Abrotanum
By Constantine Hering — Die Leitsymptome unserer Materia medica
Eberraute. Compositæ .
Artemisia abrotanum oder Eberraute, auf sonnigen Hügeln in Südeuropa wachsend und in Gärten kultiviert. Als altes Volksheilmittel berühmt. Von Deventer in unsere Praxis eingeführt. Von Gatchell an zwei Frauen arzneilich geprüft.
GEMÜT [1]
Schwäche und Dumpfheit des Geistes.
Keine Fähigkeit zu denken, als ob alle körperliche und geistige Kraft verschwunden wäre.
Meint, ihr Gehirn erweiche.
Erregt, redselig, hat das Gefühl, schreien zu müssen.
Schweigsamkeit.
Trägheit, Abneigung gegen körperliche Bewegung.
Gut gelaunt, glücklich.
Düster, mutlos.
Große Angst und Niedergeschlagenheit. θ Gastralgie.
Das Kind ist mürrisch und niedergeschlagen. θ Marasmus.
Übellaunig, reizbar, heftig.
Außerordentlich verdrießlich, fühlt, als möchte sie etwas Grausames tun; ohne Menschlichkeit.
Durch Gespräch oder geistige Anstrengung leicht ermüdet.
INNERER KOPF [3]
Die linke Gehirnhälfte schien besonders schwach; durch Gespräch oder geistige Anstrengung leicht ermüdet.
Empfindung, als ob kriechendes Frösteln den Windungen des Gehirns entlangliefe, begleitet von Prickeln.
ÄUSSERER KOPF [4]
Kopf schwach, konnte ihn nicht aufrecht halten.
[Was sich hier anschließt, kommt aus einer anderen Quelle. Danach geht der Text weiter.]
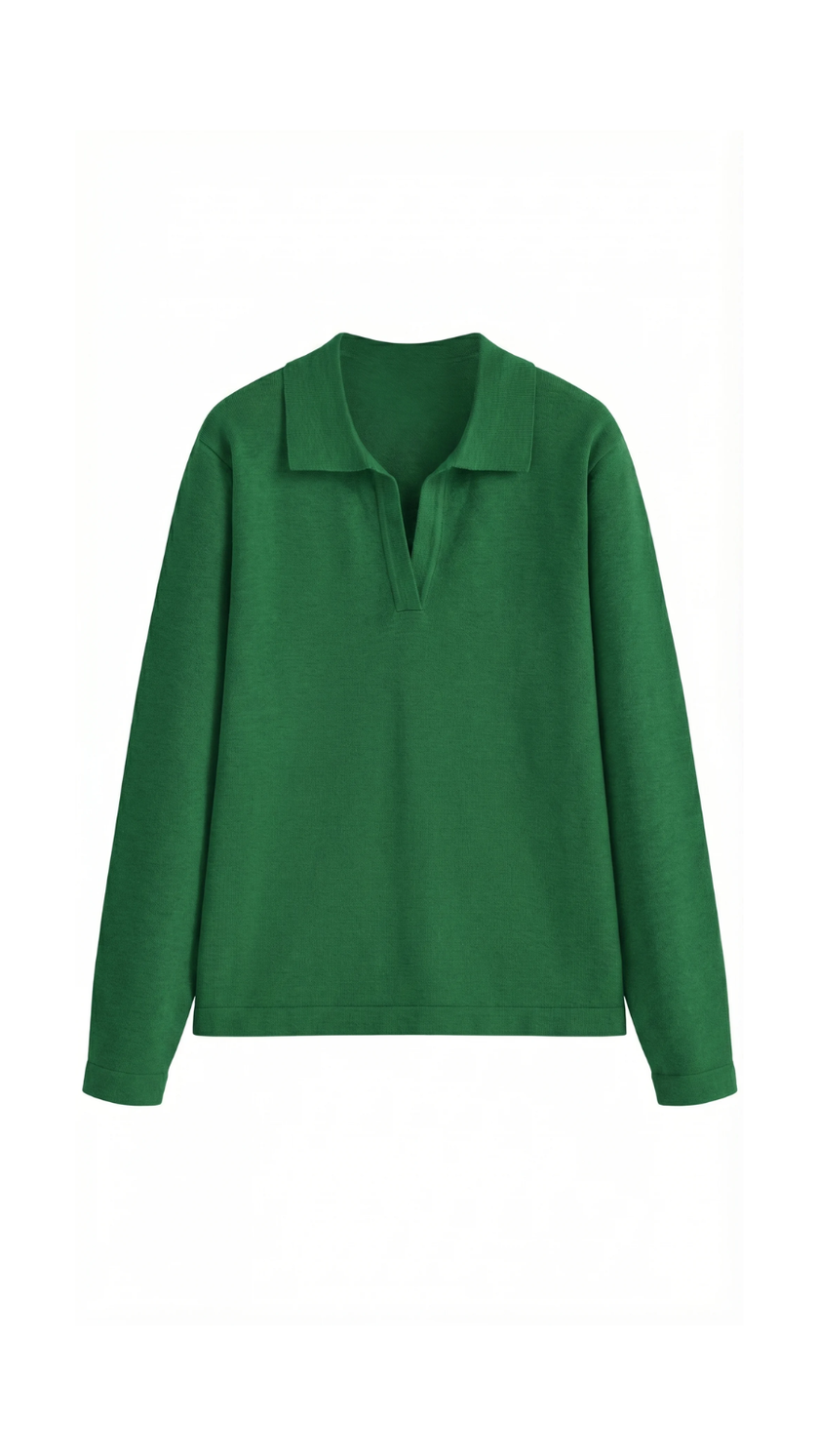 Knit Sweater Women Collared Relaxed Fit Long Sleeve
Kopfhaut wund, besonders seitlich.
Juckreiz der Kopfhaut.
SEHEN UND AUGEN [5]
Blaue Ringe um matt blickende Augen. θ Chlorose.
Entzündete Augen.
GERUCH UND NASE [7]
Trockenheit der inneren Nase.
Nasenbluten bei Knaben.
OBERE GESICHTSHÄLFTE [8]
Gesicht runzlig, alt, blass. θ Marasmus.
Komedonen mit Abmagerung.
Das Gesicht fühlt sich kalt an.
Ziehende Schmerzen im Oberkiefer.
ZÄHNE UND ZAHNFLEISCH [10]
Ziehende und reißende Schmerzen in kariösen Zähnen.
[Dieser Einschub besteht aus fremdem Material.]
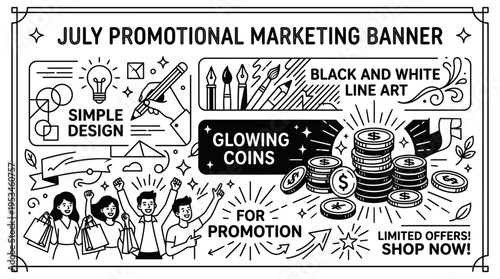 July Promotional Marketing Banner in Black and White Line Art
GESCHMACK, SPRACHE, ZUNGE [11]
Schleimiger Geschmack. θ Gastralgie.
Saurer Geschmack.
GAUMEN UND HALS [13]
Kratzen im Hals.
APPETIT, DURST. VERLANGEN, ABNEIGUNGEN [14]
Nagender Hunger; Verlangen nach in Milch gekochtem Brot.
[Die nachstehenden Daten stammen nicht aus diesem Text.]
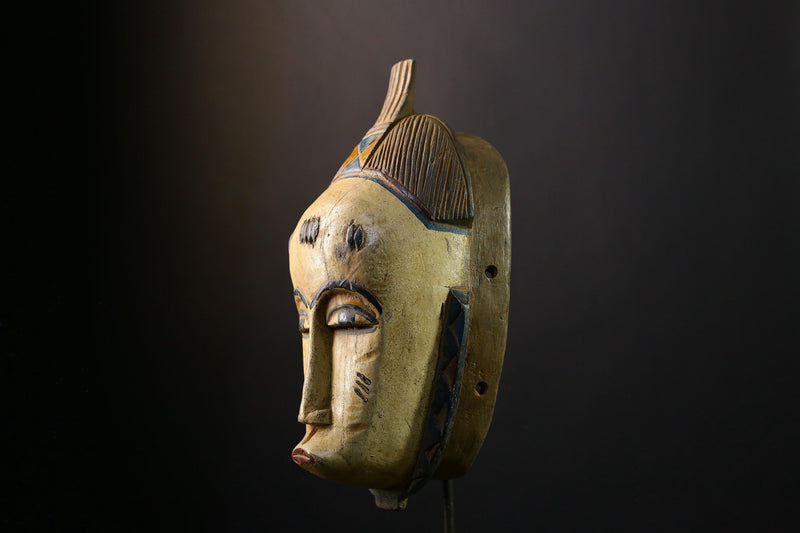 African Mask - Hand-Carved Guro Tribal Face Wooden Wall Art - Vintage Decor for Unique Home Accent and Cultural Collectible-3539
Appetit groß; Heißhunger bei fortschreitender Abmagerung; Marasmus.
Appetitlosigkeit. θ Gastralgie.
MAGENGEGEND UND MAGEN [17]
Brennen im Magen wie von Säure.
Völle und Aufgetriebenheit in der Magengegend.
Empfindung, als ob der Magen herabhänge oder im Wasser schwimme, mit einem eigentümlichen Kältegefühl und einer Dumpfheit gegen alle Reize. θ Gastralgie.
Schneidende, nagende, brennende, bisweilen zusammenziehende und stechende Schmerzen, meist < nachts; selbst in den Zwischenzeiten niemals vollständig schmerzfrei. θ Gastralgie.
Gestörte Verdauung. θ Chlorose.
BAUCH UND LENDEN [19]
Schwaches, sinkendes Gefühl in den Därmen.
Häufige kolikartige Schmerzen. θ Marasmus.
Aufgetriebener Bauch. θ Chlorose; Marasmus; Kolik.
Harte Knoten in verschiedenen Teilen des Bauches.
STUHL UND REKTUM [20]
Nach plötzlich unterdrückter Diarrhö Rheumatismus.
Hämorrhoiden treten auf und werden <, wenn die rheumatischen Schmerzen nachlassen; häufiger Stuhldrang; es geht fast nur Blut ab.
Verstopfung. θ Gastralgie.
(Beob.:) Würmer, besonders Askariden. θ Marasmus.
Wechsel von Diarrhö und Verstopfung; die Nahrung geht unverdaut ab. θ Marasmus.
Hervortretende hämorrhoidale Knoten, brennend bei Berührung und beim Pressen.
HARNORGANE [21]
Harnblase voll, Drang zum Harnlassen.
Harn spärlich.
MÄNNLICHE GESCHLECHTSORGANE [22]
Hydrozele bei Kindern.
WEIBLICHE GESCHLECHTSORGANE [23]
Einschießender Schmerz in der Gegend des linken Eierstocks.
Zucken in den Ovarialgegenden, scheint sich bis in den Rücken zu erstrecken.
(Beob.:) Geschwüre am os tincæ.
Dysmenorrhö; unterdrückte Menses.
SCHWANGERSCHAFT. GEBURT. STILLZEIT [24]
Erschwerte Geburt.
Blut und Feuchtigkeit sickern aus dem Nabel neugeborener Kinder.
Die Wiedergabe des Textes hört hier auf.